Exercise description: Please output exactly the lines that run from the line with "Napnapday Bed Risers" through the final line of the data, inclusive, and nothing more.

══════════

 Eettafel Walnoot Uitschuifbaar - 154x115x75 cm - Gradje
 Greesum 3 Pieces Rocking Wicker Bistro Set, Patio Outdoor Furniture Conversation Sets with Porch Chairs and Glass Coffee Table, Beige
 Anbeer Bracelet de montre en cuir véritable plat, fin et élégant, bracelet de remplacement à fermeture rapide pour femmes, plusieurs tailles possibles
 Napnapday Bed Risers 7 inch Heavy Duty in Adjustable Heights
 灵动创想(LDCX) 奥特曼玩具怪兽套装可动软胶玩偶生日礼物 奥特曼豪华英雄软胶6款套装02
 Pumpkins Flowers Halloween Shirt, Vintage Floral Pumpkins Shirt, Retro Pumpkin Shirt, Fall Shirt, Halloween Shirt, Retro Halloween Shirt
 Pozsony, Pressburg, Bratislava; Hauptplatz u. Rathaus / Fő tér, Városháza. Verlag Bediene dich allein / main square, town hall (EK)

══════════

Task solution:
 Napnapday Bed Risers 7 inch Heavy Duty in Adjustable Heights
 灵动创想(LDCX) 奥特曼玩具怪兽套装可动软胶玩偶生日礼物 奥特曼豪华英雄软胶6款套装02
 Pumpkins Flowers Halloween Shirt, Vintage Floral Pumpkins Shirt, Retro Pumpkin Shirt, Fall Shirt, Halloween Shirt, Retro Halloween Shirt
 Pozsony, Pressburg, Bratislava; Hauptplatz u. Rathaus / Fő tér, Városháza. Verlag Bediene dich allein / main square, town hall (EK)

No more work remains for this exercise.